Yakisoba sauce ingredients
3 tbsp vegan Worcestershire sauce
4 tbsp vegetarian oyster sauce
1 tbsp maple syrup
1 tbsp Sriracha
1 tbsp rice wine vinegar
1/4 C grapeseed oil
In a sauce pan on medium-low heat, whisk together all of the ingredients. Continue whisking until the sauce is brought to a low simmer, then remove from heat and set aside.
(makes 6-8 servings):
250 g buckwheat noodles (1 package of king soba)
3 tbsp grapeseed oil
1/2 yellow onion, thinly sliced
12 oz. veggie chicken strips (2 packages of Yves meatless chicken strips or approx. 2 C)
3 cloves of garlic, minced
2 C shitake mushrooms, sliced
1 C sliced carrot
2 C chopped savoy cabbage (approx. half of the head)
2 C bean sprouts
1 tbsp grated fresh ginger
3 tbsp crushed roasted seaweed
Chop all of your veggies in advance and have everything prepared and ready to stir fry.
Bring a pot of water to a boil for the noodles. Cook for 5-6 minutes, then drain, and run under cool water using your hands to rinse and separate the noodles.

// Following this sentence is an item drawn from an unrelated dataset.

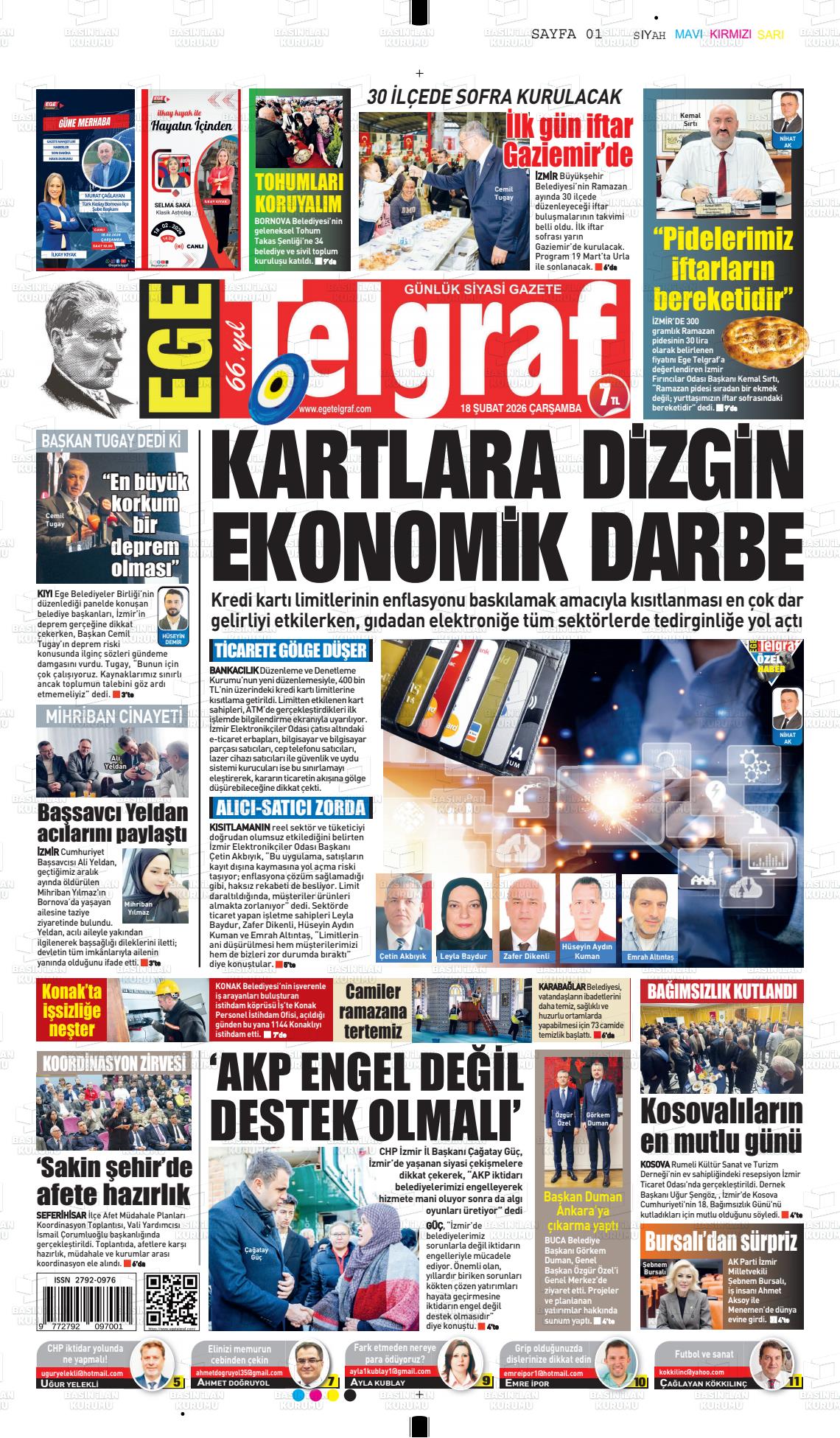 Izmir Egetelgraf 18.02.2026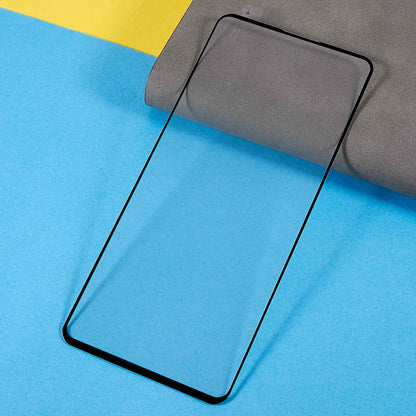 For Honor X8 Full Coverage Screen Protection Film Tempered Glass Clear Full Glue Silk Printing Phone Screen Protector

Heat 3 tbsp of grapeseed oil in a wok (or large frying pan) to medium-high heat.
Fry your yellow onion for 3 minutes. Then add in minced garlic and the veggie chicken strips.
Brown up the veggie chicken strips in the pan for approx. 6-8 minutes, then add in your veggies and grated ginger.
Stir fry everything for another 6-7 minutes or until the cabbage, mushrooms, carrots, and bean sprouts are softened but not over cooked. During this cook time you might need to add 1 more tablespoon of grapeseed oil if things are sticking to the pan.
Lower the heat to medium and toss in the noodles and the yakisoba sauce, stir frying everything in the wok for another 3-4 minutes.
Place yakisoba in a serving dish and top with crushed roasted seaweed.